DATASET CONTENT:
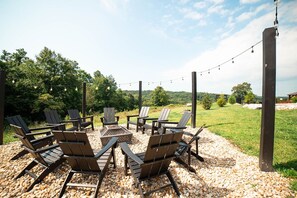 Un espace extérieur aménagé avec des chaises Adirondack et un foyer, entouré d’une terrasse en gravier et illuminé de guirlandes lumineuses.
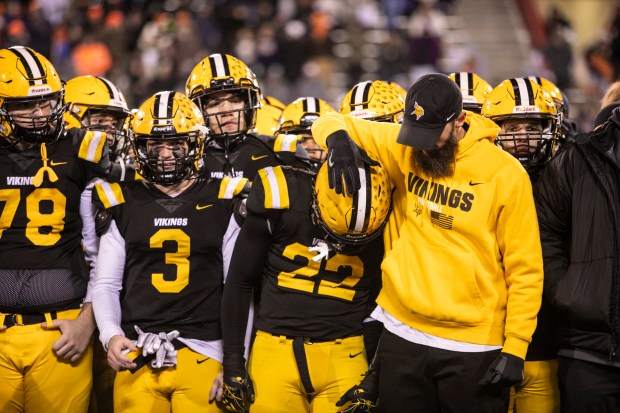 St. Laurence coach Adam Nissen comforts senior Connor Cleary (22) as the Vikings wait to receive the runner-up trophy after losing to Rochester in the Class 4A state championship game at Illinois State University's Hancock Stadium in Normal on Friday, Nov. 24, 2023.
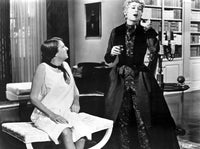 Rosalind Russell classic photo print in dress with woman seated on chair.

YOUR OBJECTIVE: Apart from the pictures, restate all of the listing above exactly.

PROBLEM SOLUTION:
 Un espace extérieur aménagé avec des chaises Adirondack et un foyer, entouré d’une terrasse en gravier et illuminé de guirlandes lumineuses.
 St. Laurence coach Adam Nissen comforts senior Connor Cleary (22) as the Vikings wait to receive the runner-up trophy after losing to Rochester in the Class 4A state championship game at Illinois State University's Hancock Stadium in Normal on Friday, Nov. 24, 2023.
 Rosalind Russell classic photo print in dress with woman seated on chair.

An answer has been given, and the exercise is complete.